The enigmatic Lady of Elx (Dama de Elche in Spanish, Dama d'Elx in Valencian) is a polychrome stone bust that was discovered by chance in 1897 at L'Alcúdia, an archaeological site on a private estate about two kilometers south of Elx (Spanish Elche) (Alicante, Valencia, Spain). The Lady of Elx is generally believed to be an Iberian piece from the 4th century B.C., though the artisanship suggests strong Hellenistic influences. [1]

Contents

[edit] Sculpture

The originally polychromed bust is usually thought to represent a woman wearing a very complex headdress and big coils on each side of the face. A minority interpretation sees it representing a man. The aperture in the rear of the sculpture indicates it may have been used as a funerary urn.

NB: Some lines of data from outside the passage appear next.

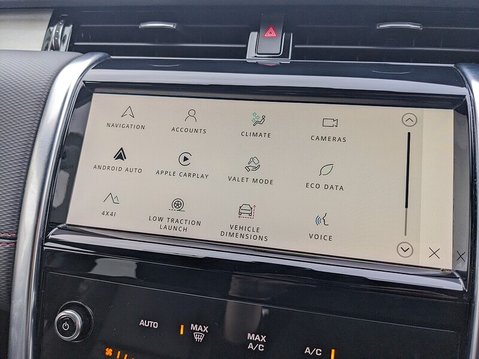 Land Rover Discovery Sport R-DYNAMIC S PLUS MHEV 33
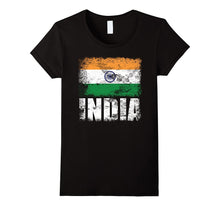India Flag T-Shirt | Indian Flag Tee Gift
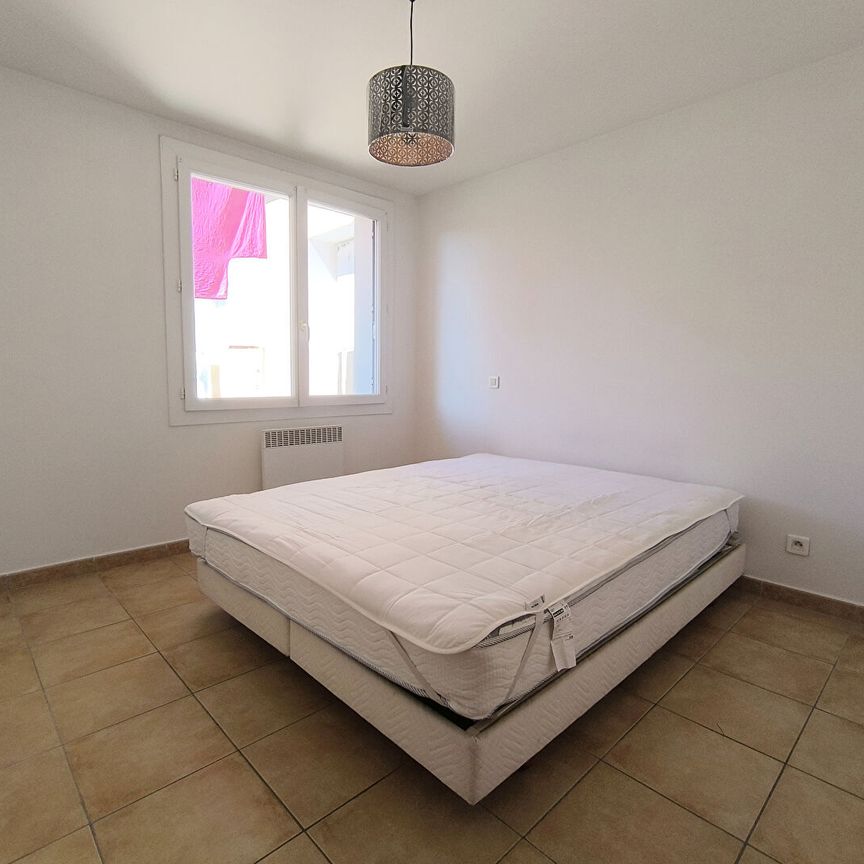 Location appartement 3 pièces, 56.02m², Balaruc-les-Bains - Photo 1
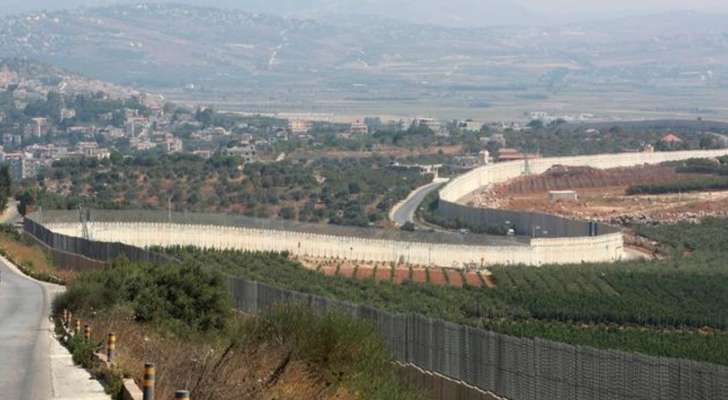 القوات الإسرائيلية أطلقت النار في الهواء فوق مزارعين لبنانيين عند سهل الخيام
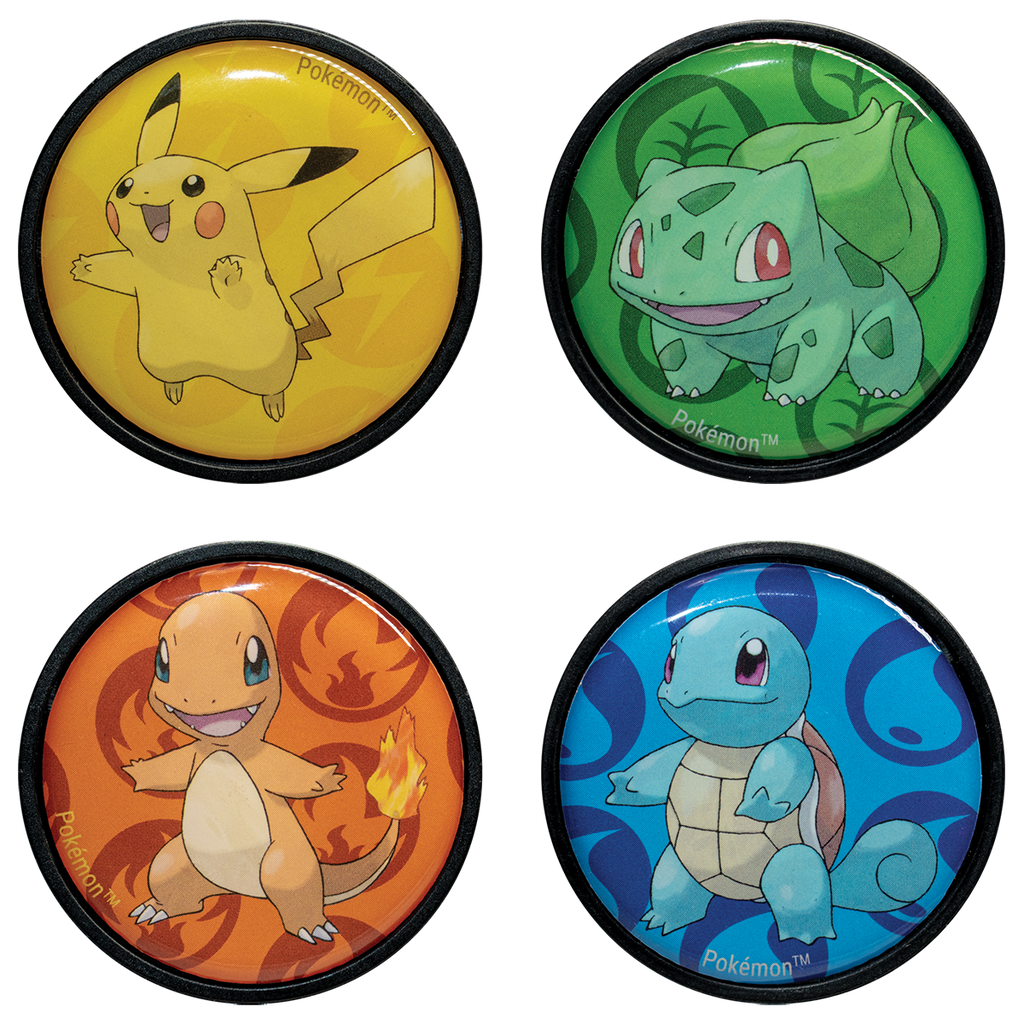 Kanto Alcove Click Deck Box for Pokémon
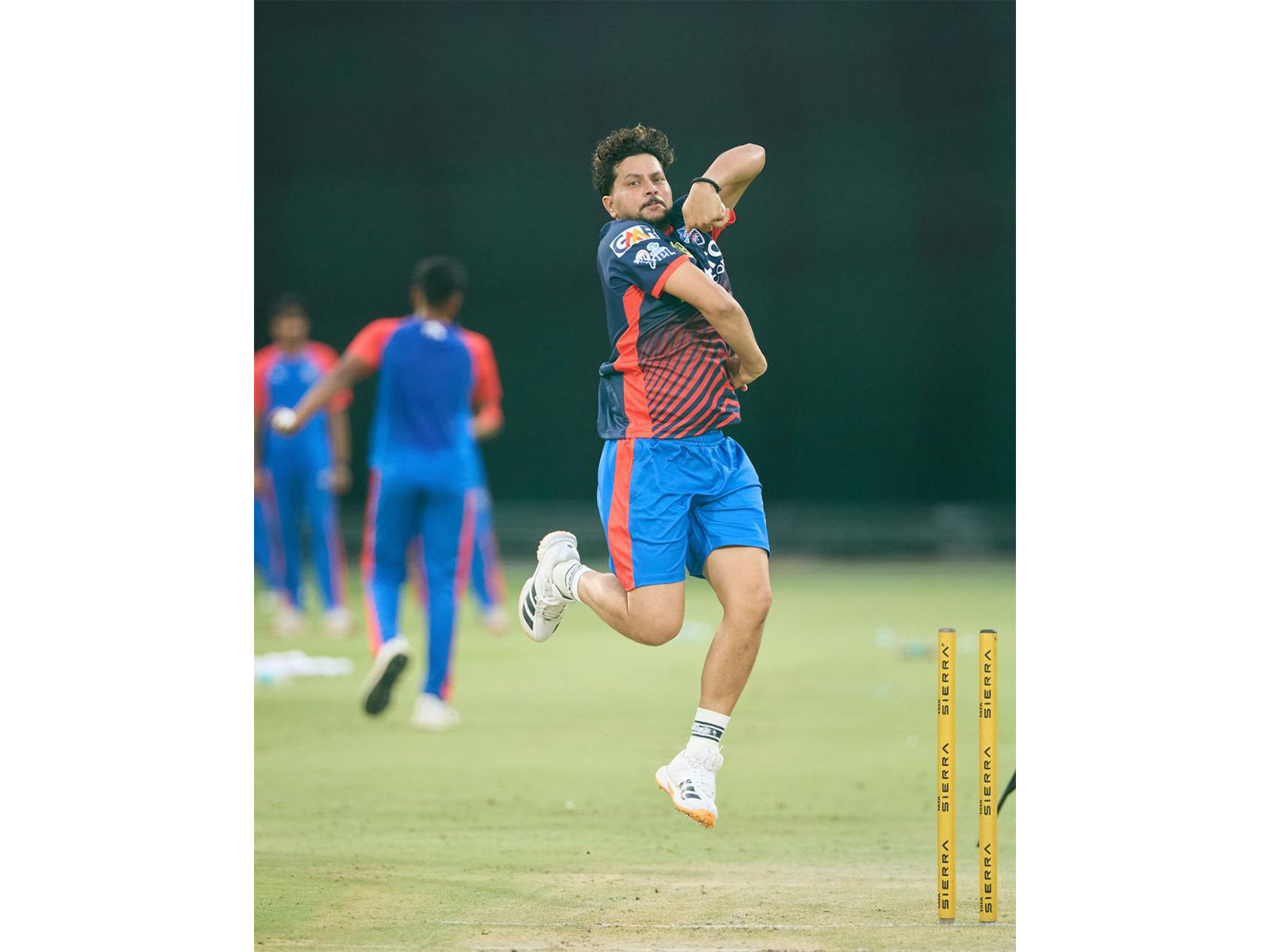 Kuldeep Yadav (Photo: Delhi Capitals)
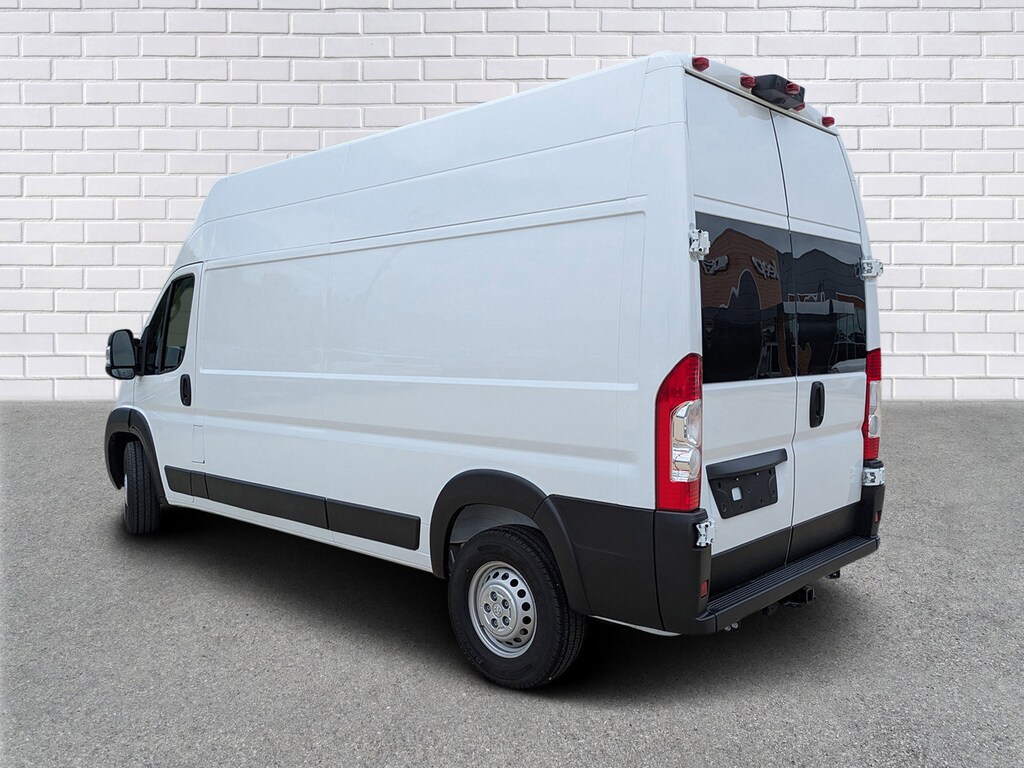 Used 2024 Ram ProMaster 3500 Base Van Cargo Van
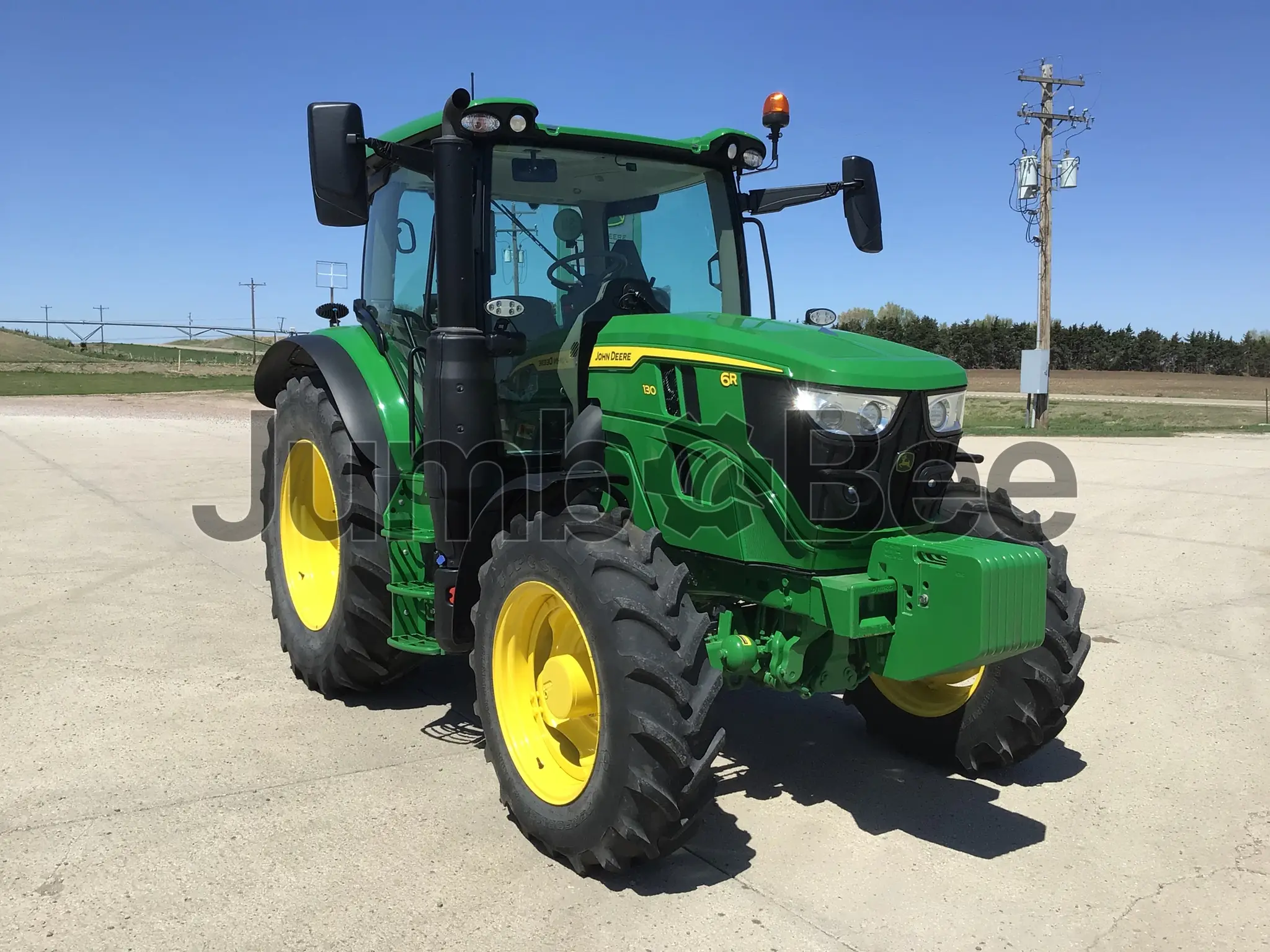 John Deere 6R 130 2023 - Usado (473 Horas) en Venta — foto 1 de 17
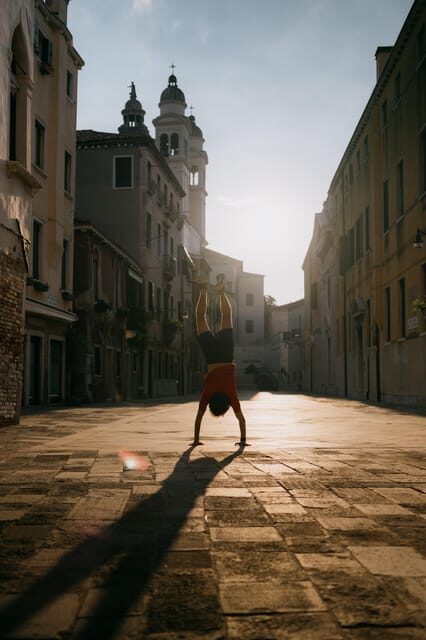 Venice Sunrise Running Experience - What’s Included and What to Bring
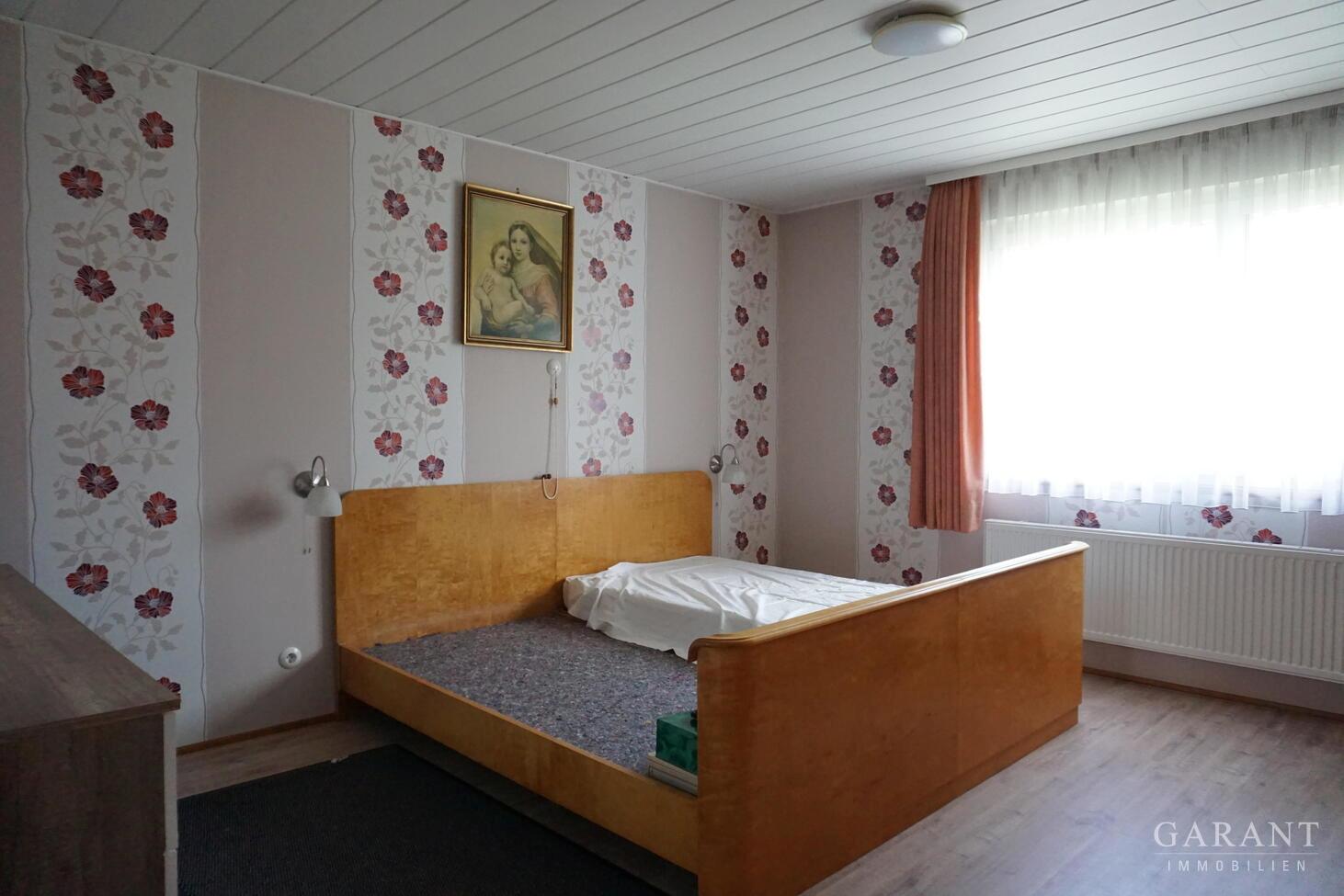 Schlafzimmer EG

While it is a bust, there are proposals that it was part of a seated statue like the Lady of Baza or a standing one like the Great Offering Lady from Cerro de los Santos (Montealegre del Castillo, Albacete). The three figures and the Bicha de Balazote are exhibited in the same hall in the National Archaeological Museum of Spain in Madrid.

[edit] History

The sculpture was found August 4, 1897, by a young worker, Manuel Campello i Esclapez. Pierre Paris, a French archaeological connoisseur, purchased the sculpture within a few weeks and shipped it to France, where it was shown at the Louvre Museum and hidden for safe-keeping during World War II.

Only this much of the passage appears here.